**Directions**
A word-for-word copy of the listing is required, and it must contain no pictures.

★ ★ ★ ★ ★ ★ ★

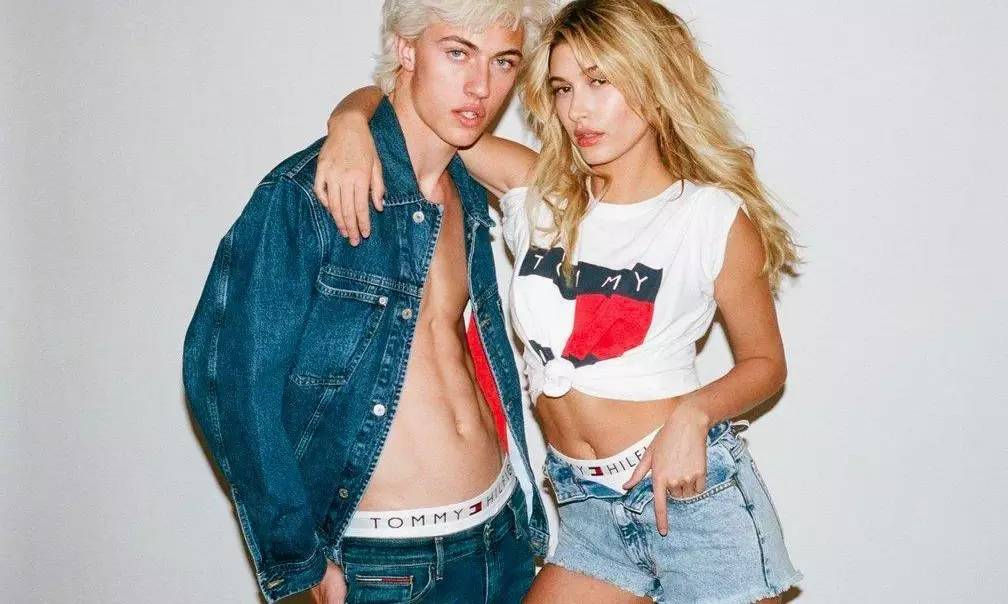 上千块的PALACE、GOSHA复古风单品，这店只需几分之一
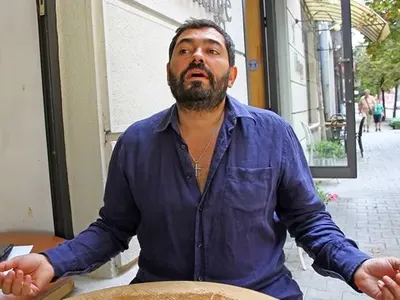 За 700 бона? Нико Тупарев си продаде апартамента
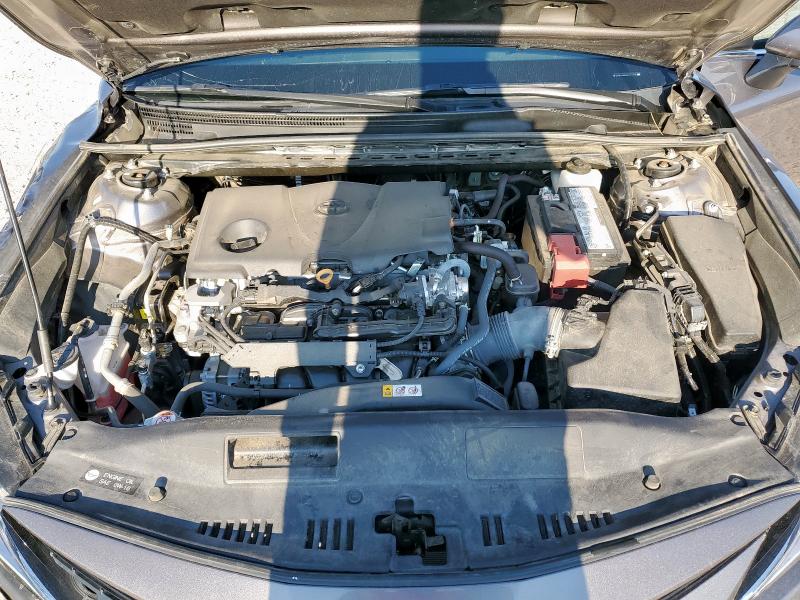 4T1R11AK4RU240129 - 2024 TOYOTA CAMRY LE 银色 照片 11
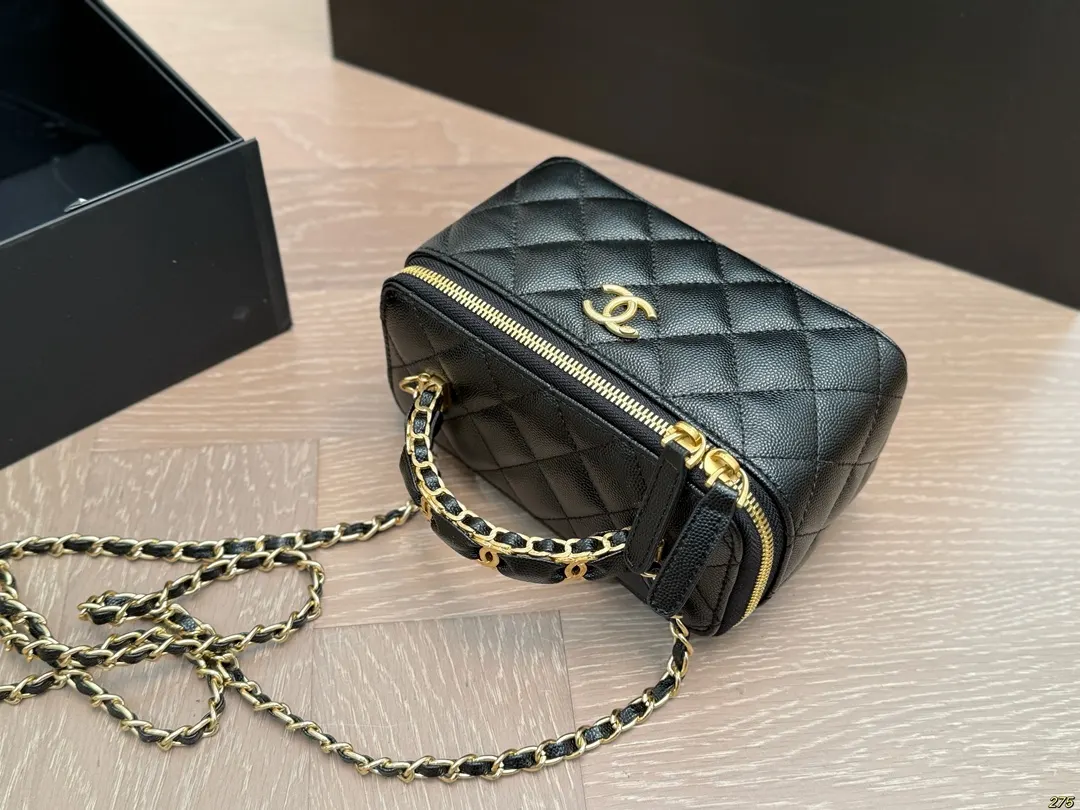 CHANEL 鱼子酱 手柄化妝盒 那么好看 那么 斜背包 輕便斜挎款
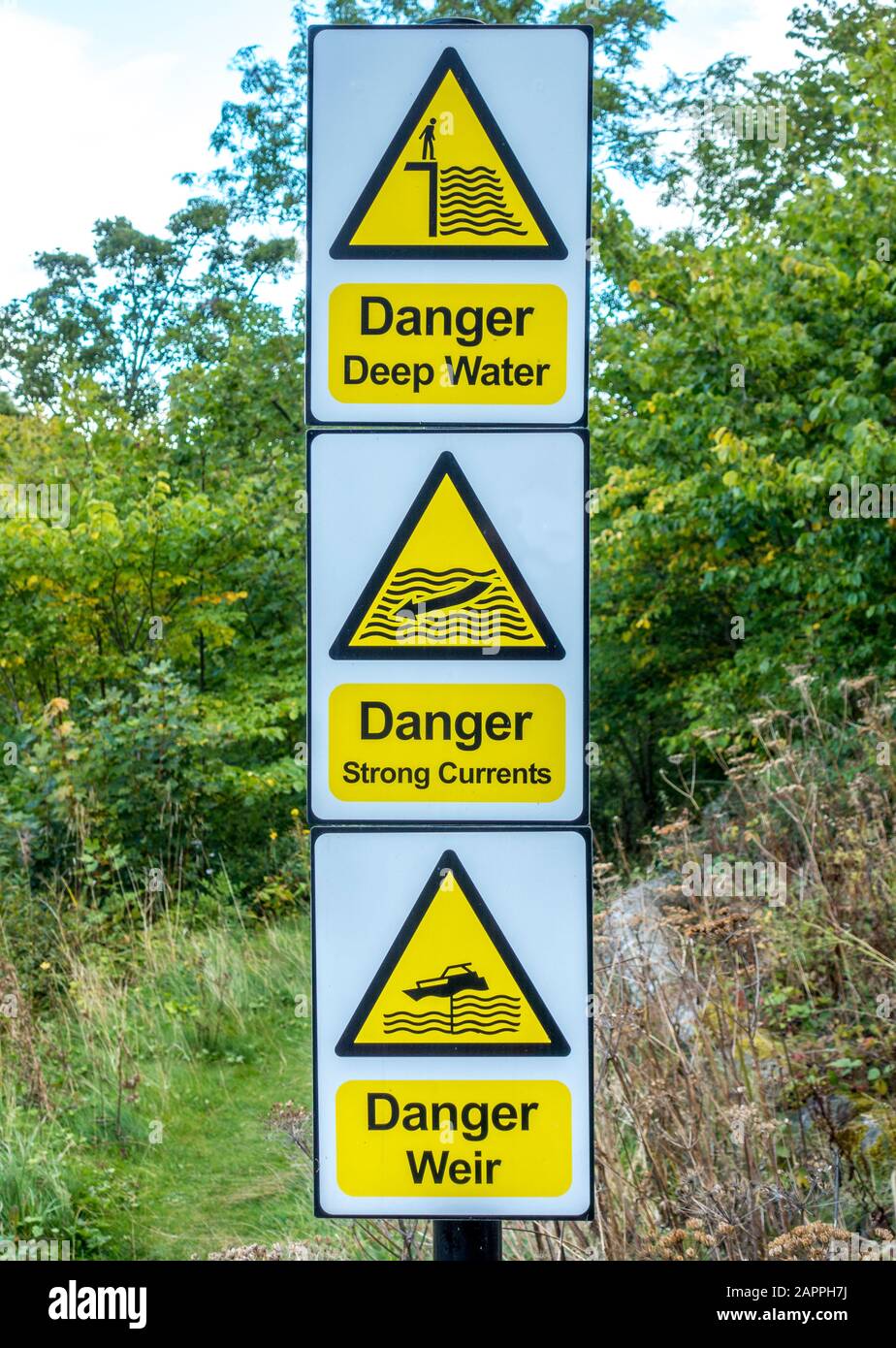 Signpost che richiama l'attenzione sui pericoli di acque profonde, forti correnti e uno stramazzo. Inghilterra, Regno Unito. Foto Stock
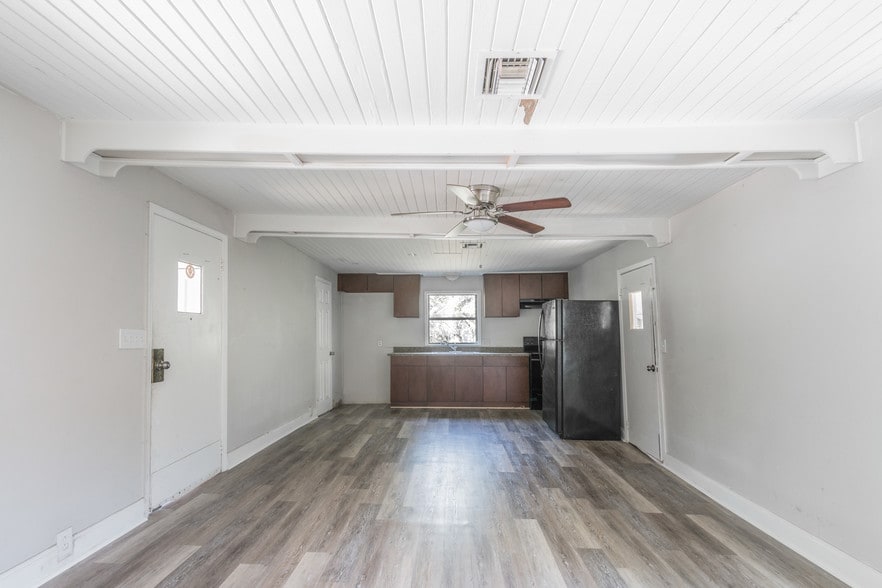 More Photos Of 822 Grand Central St, Clearwater Apartments For Sale
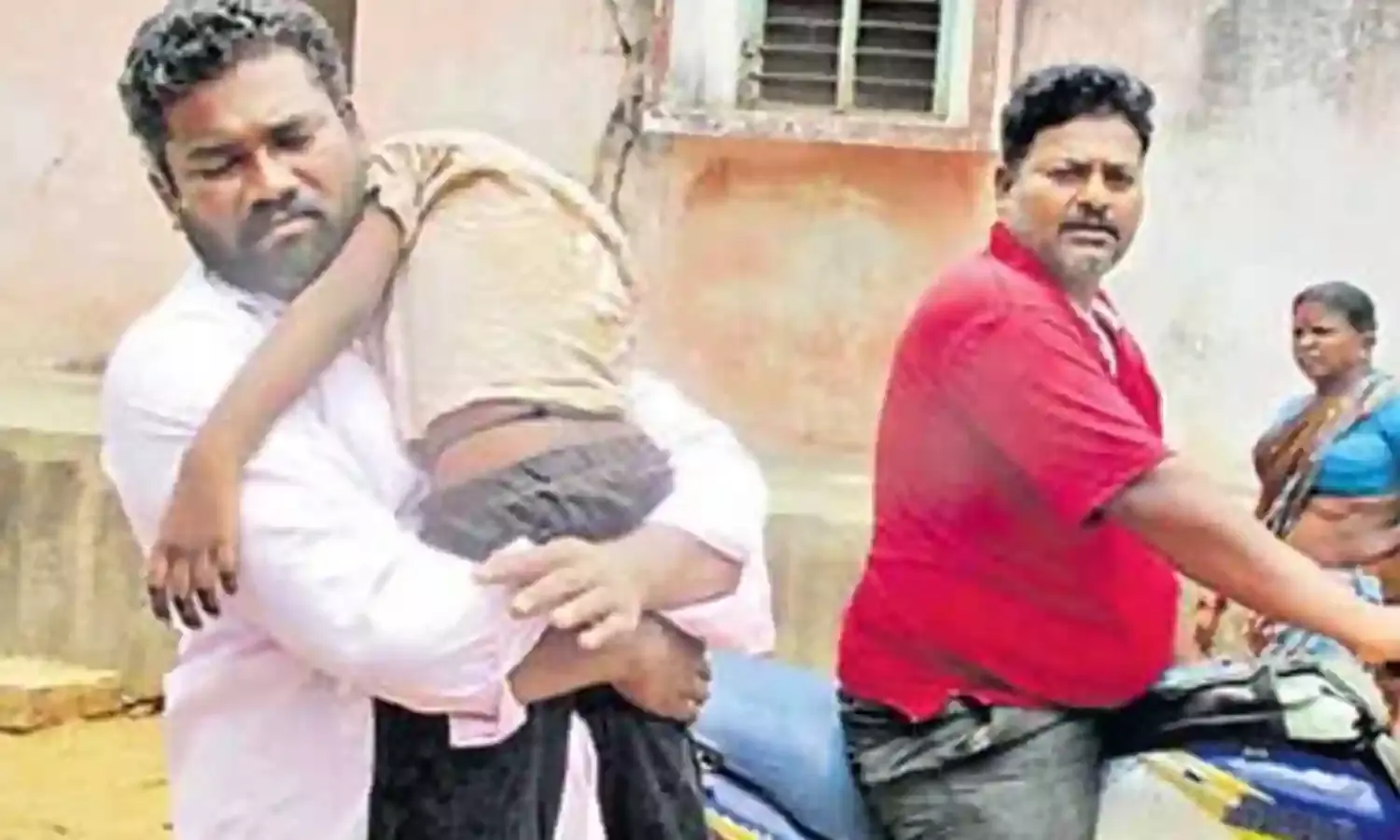 Nellore : కొడుకు శవాన్ని భుజాన వేసుకుని బైక్ పైనే ఇంటికి Nellore : కొడుకు శవాన్ని భుజాన వేసుకుని బైక్ పైనే ఇంటికి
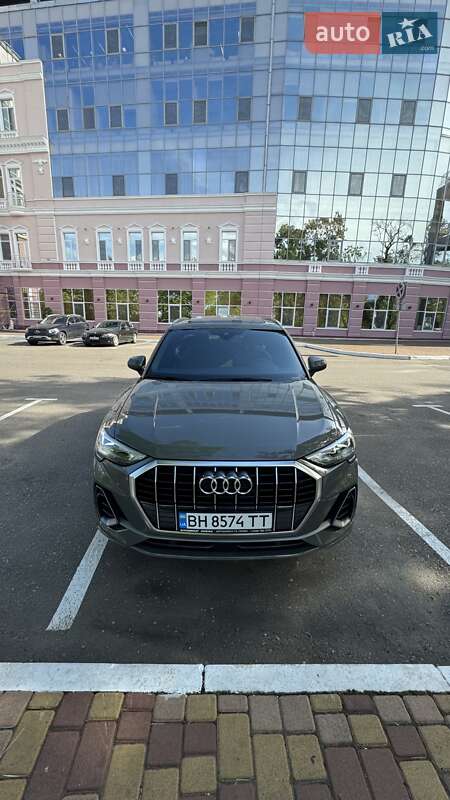 Позашляховик / Кросовер Audi Q3 2020 в Одесі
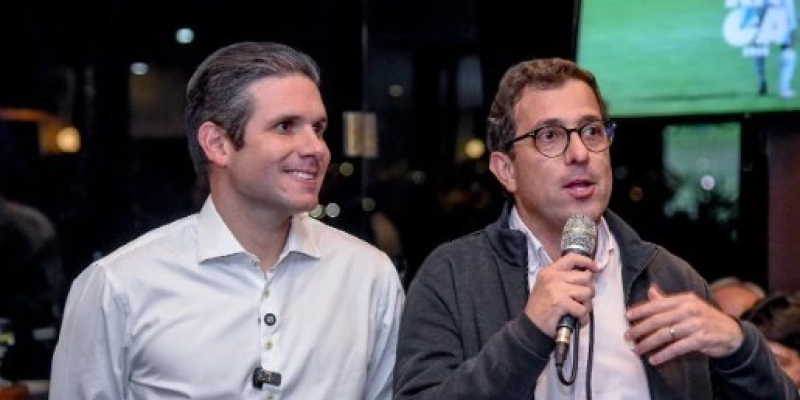 Gervásio Maia participa de recepção aos prefeitos paraibanos em Brasília
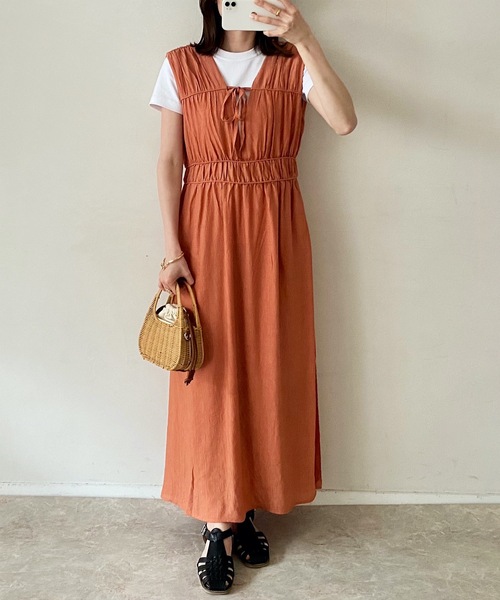 STYLEDOOR(スタイルドア)の「ギャザーロングワンピース(ワンピース・レディース・ブラック/イエロー/オレンジ・FREE)」の22枚目の写真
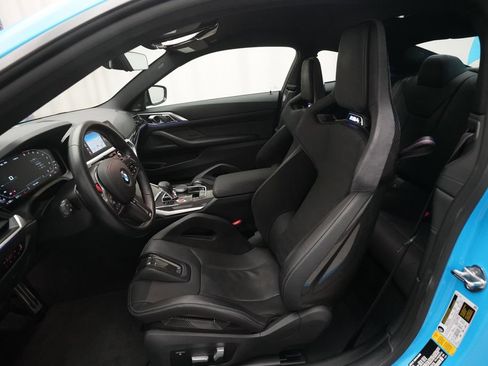 Used 2022 BMW M4 Competition w/ M Carbon Exterior Package RWD image 7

★ ★ ★ ★ ★ ★ ★

**Exercise solution**
 上千块的PALACE、GOSHA复古风单品，这店只需几分之一
 За 700 бона? Нико Тупарев си продаде апартамента
 4T1R11AK4RU240129 - 2024 TOYOTA CAMRY LE 银色 照片 11
 CHANEL 鱼子酱 手柄化妝盒 那么好看 那么 斜背包 輕便斜挎款
 Signpost che richiama l'attenzione sui pericoli di acque profonde, forti correnti e uno stramazzo. Inghilterra, Regno Unito. Foto Stock
 More Photos Of 822 Grand Central St, Clearwater Apartments For Sale
 Nellore : కొడుకు శవాన్ని భుజాన వేసుకుని బైక్ పైనే ఇంటికి Nellore : కొడుకు శవాన్ని భుజాన వేసుకుని బైక్ పైనే ఇంటికి
 Позашляховик / Кросовер Audi Q3 2020 в Одесі
 Gervásio Maia participa de recepção aos prefeitos paraibanos em Brasília
 STYLEDOOR(スタイルドア)の「ギャザーロングワンピース(ワンピース・レディース・ブラック/イエロー/オレンジ・FREE)」の22枚目の写真
 Used 2022 BMW M4 Competition w/ M Carbon Exterior Package RWD image 7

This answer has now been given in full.